“I'm not afraid to shake up the system, and government needs more shaking up than any other system I know.”
“I have a real soft spot in my heart for librarians and people who care about books.”
|Ann and Dolly|
“Poor George, he can't help it. He was born with a silver foot in his mouth.”
“I have always had the feeling I could do anything and my dad told me I could. I was in college before I found out he might be wrong.”
"I did not want my tombstone to read, 'She kept a really clean house.' I think I'd like them to remember me by saying, 'She opened government to everyone.”
|Ann's cameo on|
King of the Hill
"If you give us the chance, we can perform. After all, Ginger Rogers did everything that Fred Astaire did.
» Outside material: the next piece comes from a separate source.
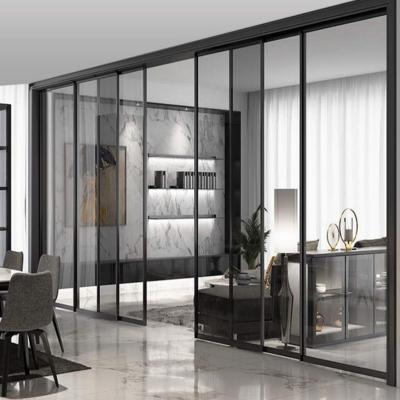 China Modern Chinese supplier the latest design of European heat insulation heavy duty cheap double-layer glass aluminum folding door for sale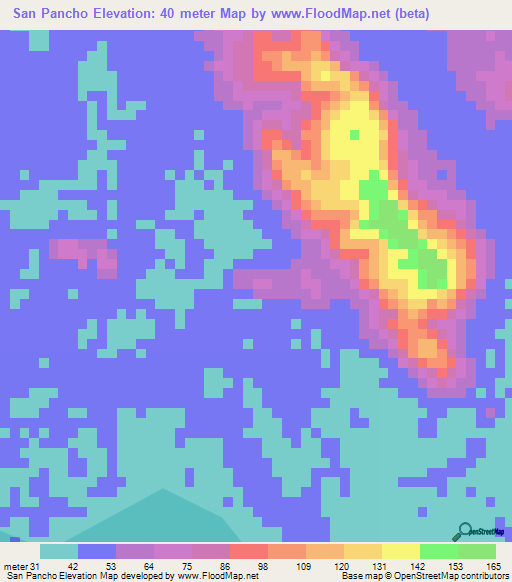 San Pancho,Nicaragua Elevation Map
She just did it backwards and in high heels."
Of Ann the Governor, I remember a woman who wasn't afraid to call a spade a spade, and who fought for changes in policies like education funding. Remember all of those accomplishments that George W. Bush claimed as reasons to elect him President, back when he first ran for office and Texas was a leader in education and business? Those were policies that Ann Richards put in place. Mostly, though, as another election approaches and I found myself yelling at the TV during the first Presidential debate, I wondered what had happened to politicians who weren't afraid to call bullshit. Attacks on the rights of women? Bullshit. Attacks on gays and lesbians? Bullshit. Xenophobia? Bullshit. Ann Richards was that type of Governor, a woman who fought for what she fought was right, even if it wasn't ladylike or genteel. She was a revolutionary and the last great governor of the Lone Star State.
Asked once what she might have done differently had she known she was going to be a one-term governor, Richards grinned. "Oh, I would probably have raised more hell."